Durch Bescheid vom 30.11.2004 verlangte die Ag die Nachzahlung der 13.229,32 €. Ausweislich des Summenblattes zum Beitragsbescheid macht die Antragsgegnerin aus Bußgeldzahlungen im Einzelnen folgende Beiträge geltend:

- AOK Thüringen

7.040,76 €

- IKK Thüringen

 478,11 €

- BKK für Heilberufe

 430,88 €

- mhplus BKK

 425,56 €

- DAK

2.474,29 €

- KKH

1.579,31 €

- BEK

      402,28 €

Summe:

 12.831,19 €

Hiergegen legte der Ast am 20.12.2004 Widerspruch ein. Hinsichtlich übernommener Bußgelder sei ein Verfahren beim Bundesfinanzhof anhängig. Unter Bezugnahme auf einen Beschluss des Thüringer Finanzgerichtes vom 12.09.2002 solle der Bescheid ruhen.
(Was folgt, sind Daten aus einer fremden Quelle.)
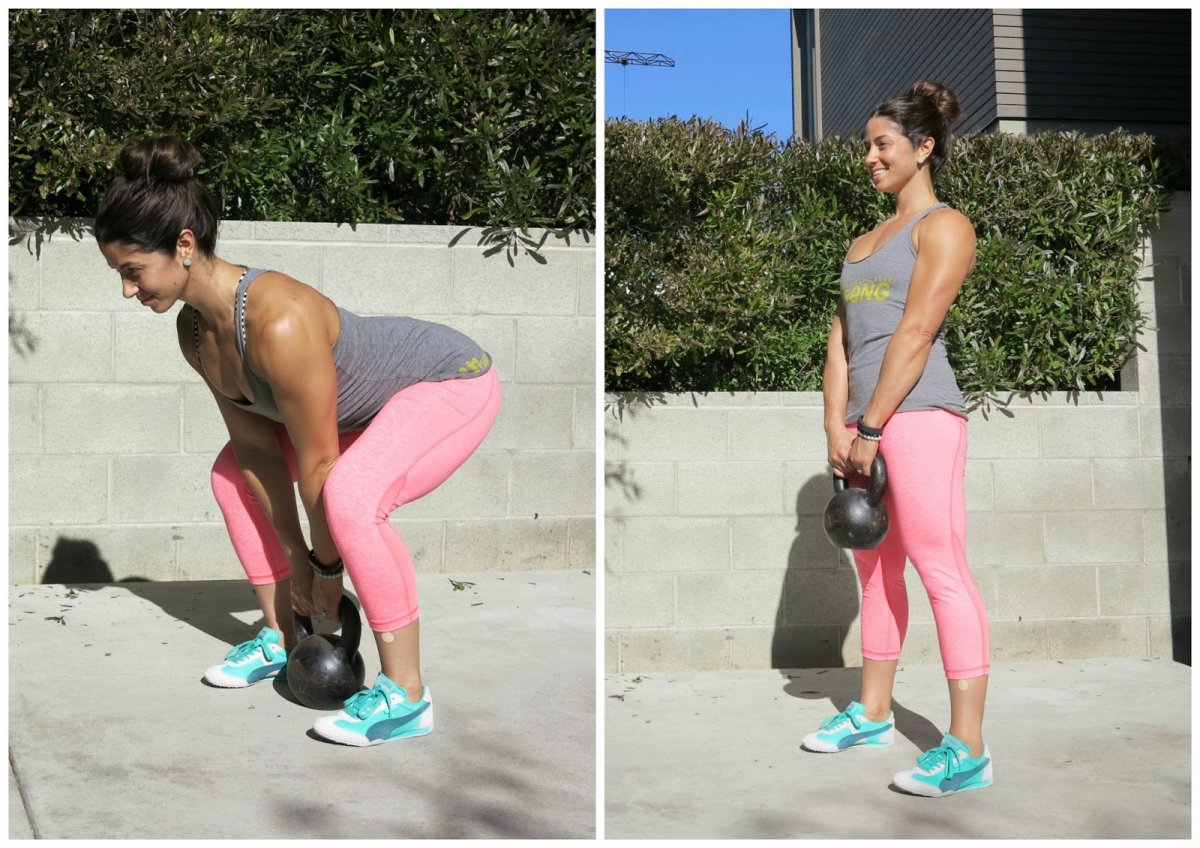 Приседания с гирей за спиной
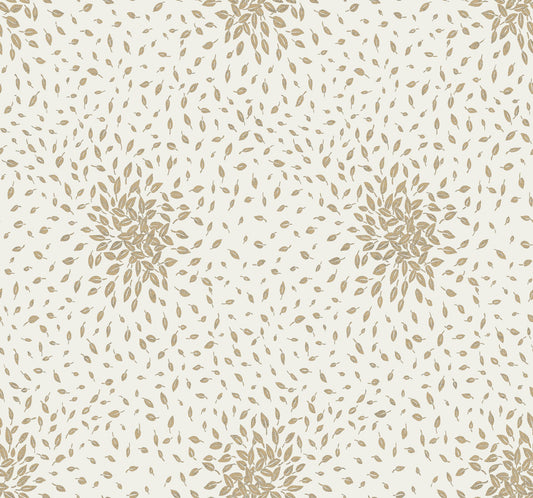 York Wallcoverings Antonina Vella Petite Leaves Cream and Gold Wallpaper  Botanical Whites and Off-Whites   - MD7103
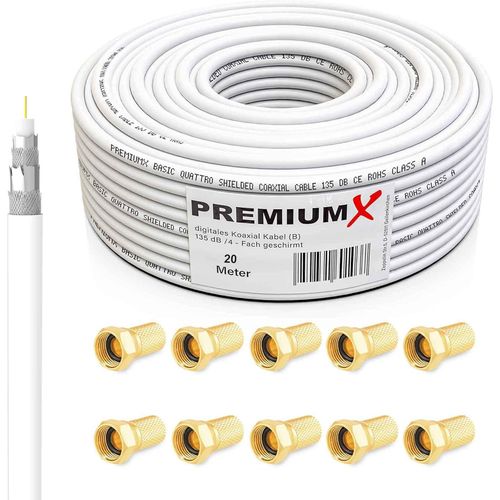 BASIC Cble coaxial de 20m - Rception parfaite avec un blindage en aluminium quadruple de 135dB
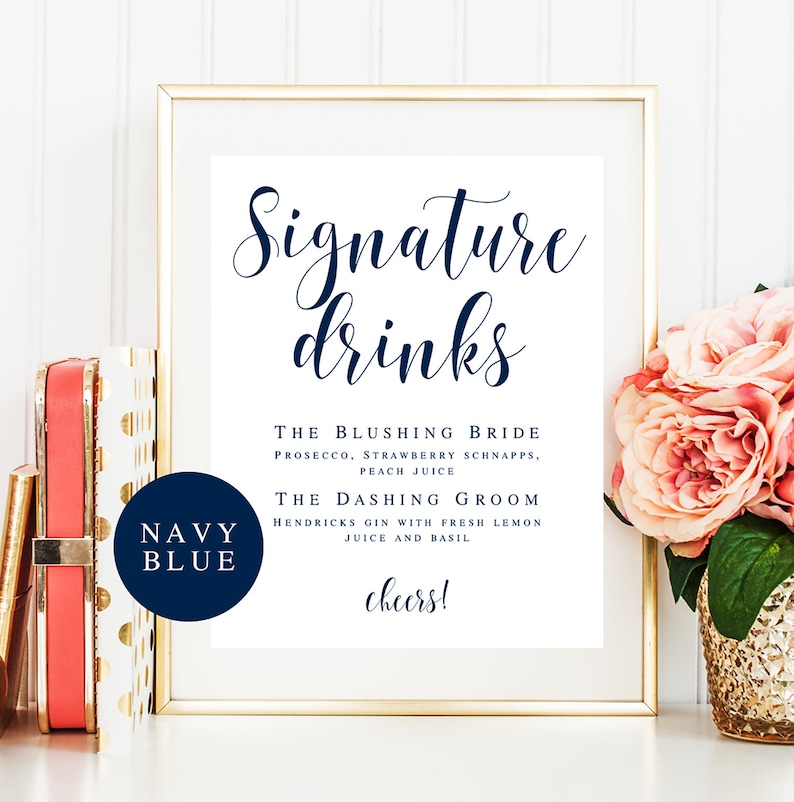 Signature drink sign download Editable template Navy wedding template Navy cocktail sign Signature cocktail sign Wedding drink menu vm23 image 6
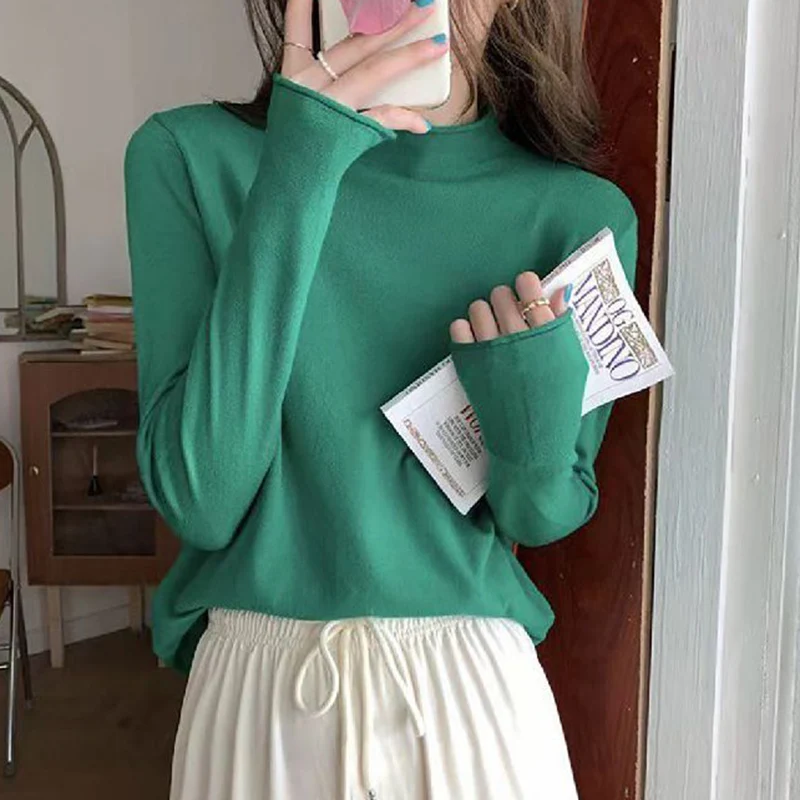 

Autumn Female Hot Sale Comfortable T-shirt Girls Classic Fashion Pullover Knitted Tops Lady Korean Solid Daily Clothes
Mit Schreiben vom 08.03.2005 lehnte die Ag die begehrte Aussetzung der Vollziehung ab.

Daraufhin hat der Ast beim Sozialgericht Meiningen am 12.04.2005 die “Aussetzung der Vollziehung„ beantragt (gemeint war: die Anordnung der aufschiebenden Wirkung des Widerspruchs).

Durch Beschluss vom 20.07.2005 hat das Sozialgericht Meiningen den Antrag abgelehnt. Die Übernahme von Buß-/Verwarnungsgeldern stelle grundsätzlich Arbeitslohn dar, der beitragspflichtig sei. Anhaltspunkte für eine betriebliche Entscheidung des Arbeitgebers, wonach die durch Bußgeld geahndeten Verstöße im ganz überwiegend eigenbetrieblichen Interesse gelegen hätten, bestünden nicht.

Hiergegen hat der Ast am 29.08.2005 Beschwerde zum Thüringischen Landessozialgericht eingelegt (Az: L 2 R 671/05 ER). Über die Beschwerde ist noch nicht entschieden.

Durch Beschluss vom 02.01.2006 hat das Amtsgericht Gera über das Unternehmen das Insolvenzverfahren eröffnet und den Ast zum Insolvenzverwalter bestellt.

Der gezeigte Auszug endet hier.